On raconte qu’un garde le prit un jour pour un intrus alors qu’il marchait pieds nus, parce qu’il avait retiré ses sabots après être sorti de son bureau au milieu d’une tempête. Seule l’intervention d’un autre ministre, passant par là en calèche, permis de résoudre la situation. Le malaise de Saigo Takamori était aussi lié aux mesures en cours d’adoption par le gouvernement.
L’abolition du système des han (« fiefs »), désormais sous le contrôle de l’État, fut actée en 1871 et bien accueillie par les anciens daimyo, qui reçurent en contrepartie une rémunération à vie, virent les dettes de leurs domaines soldées par l’État et se reconvertirent en officiers de la nouvelle armée impériale ou en gouverneurs. Pour les plus modestes samouraïs, en revanche, ces réformes scellaient la fin d’un mode de vie : dépourvus de contacts leur assurant un avenir politique ou militaire, ils perdirent la rémunération qu’ils percevaient en leur qualité d’aristocrates et sombrèrent dans la pauvreté.

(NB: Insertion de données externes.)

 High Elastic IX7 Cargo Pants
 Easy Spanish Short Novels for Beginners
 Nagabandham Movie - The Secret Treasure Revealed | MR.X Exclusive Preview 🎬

À ce sort s’ajoutèrent des mesures humiliantes, comme l’édit Dampatsurei (1871) ou l’édit Haitorei (1876), qui leur interdirent respectivement le chignon chonmage typique et le port public de leur épée, symbole de leur appartenance à la caste des samouraïs.
UN BAROUD D'HONNEUR
La déchéance des samouraïs était inacceptable aux yeux de ceux qui s’étaient battus pour l’abolition du bafuku. Si Saigo Takamori comprenait l’inéluctabilité de la modernisation du Japon, il ne pouvait toutefois se résoudre à trahir ceux qui s’étaient battus sous ses ordres.
Dans l’espoir d’être assassiné et de déclencher une guerre qui restaurerait le prestige des samouraïs, il se porta volontaire pour conduire en Corée une mission diplomatique visant à exiger de ce royaume la reconnaissance de sa vassalité, mais sa demande fut rejetée. Saigo Takamori finit par démissionner de ses fonctions et par retourner à Satsuma, où il fonda une école militaire, qui attira immédiatement un grand nombre de jeunes samouraïs de la région.
Il alimenta ainsi la méfiance du gouvernement, qui le soupçonnait de vouloir constituer une armée pour fomenter une révolte. Face à la tentative de confiscation des armes de l’arsenal de Satsuma en 1877, les samouraïs mécontents se soulevèrent sous le commandement de leur maître, qui décida de prendre leur tête après la capture d’un agent du gouvernement qui avait avoué sous la torture avoir été envoyé pour l’assassiner. Saigo Takamori planifia une attaque de Tokyo, mais ses troupes furent repoussées et contraintes de se retrancher sur la colline de Shiroyama, à Kagoshima.
Le 24 septembre, assiégé et acculé, Saigo Takamori distribua à ses troupes une note leur expliquant qu’elles se battraient pour la dernière fois et les enjoignant à mourir au combat. Il décida ensuite d’affronter son destin : vêtu d’un kimono jaune, sabre en main et accompagné des derniers résistants, il s’élança du haut de la colline. Gravement blessé par une balle, il tomba au sol et, comme le veut la tradition, demanda dans un dernier souffle à ses compagnons : « C’en est assez, je vous prie de m’accorder l’honneur de me décapiter. » Il s’assit lentement, le regard tourné vers le palais impérial, saisit solennellement son poignard et le plongea dans son abdomen avant d’être décapité.